Only the lines from the one containing "عباس علی‌آبادی، وزیر" through the final line of the entries below are wanted, each copied exactly.

(Data records begins)

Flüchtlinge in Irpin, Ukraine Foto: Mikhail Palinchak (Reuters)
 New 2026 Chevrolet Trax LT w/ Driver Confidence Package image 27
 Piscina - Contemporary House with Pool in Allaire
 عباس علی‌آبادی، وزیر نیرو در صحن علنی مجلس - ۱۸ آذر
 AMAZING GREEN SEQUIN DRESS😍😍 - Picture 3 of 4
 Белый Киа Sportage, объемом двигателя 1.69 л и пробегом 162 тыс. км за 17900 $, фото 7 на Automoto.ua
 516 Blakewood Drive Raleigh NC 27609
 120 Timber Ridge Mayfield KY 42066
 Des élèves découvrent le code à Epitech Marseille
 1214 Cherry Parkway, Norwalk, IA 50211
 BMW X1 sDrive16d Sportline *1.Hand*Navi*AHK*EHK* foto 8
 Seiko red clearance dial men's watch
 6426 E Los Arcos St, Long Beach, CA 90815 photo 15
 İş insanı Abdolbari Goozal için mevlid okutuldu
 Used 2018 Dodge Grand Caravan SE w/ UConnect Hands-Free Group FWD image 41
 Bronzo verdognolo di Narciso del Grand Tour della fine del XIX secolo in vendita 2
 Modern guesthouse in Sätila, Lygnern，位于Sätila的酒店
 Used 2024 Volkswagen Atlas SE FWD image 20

(Data records ends)

Solved problem:
 عباس علی‌آبادی، وزیر نیرو در صحن علنی مجلس - ۱۸ آذر
 AMAZING GREEN SEQUIN DRESS😍😍 - Picture 3 of 4
 Белый Киа Sportage, объемом двигателя 1.69 л и пробегом 162 тыс. км за 17900 $, фото 7 на Automoto.ua
 516 Blakewood Drive Raleigh NC 27609
 120 Timber Ridge Mayfield KY 42066
 Des élèves découvrent le code à Epitech Marseille
 1214 Cherry Parkway, Norwalk, IA 50211
 BMW X1 sDrive16d Sportline *1.Hand*Navi*AHK*EHK* foto 8
 Seiko red clearance dial men's watch
 6426 E Los Arcos St, Long Beach, CA 90815 photo 15
 İş insanı Abdolbari Goozal için mevlid okutuldu
 Used 2018 Dodge Grand Caravan SE w/ UConnect Hands-Free Group FWD image 41
 Bronzo verdognolo di Narciso del Grand Tour della fine del XIX secolo in vendita 2
 Modern guesthouse in Sätila, Lygnern，位于Sätila的酒店
 Used 2024 Volkswagen Atlas SE FWD image 20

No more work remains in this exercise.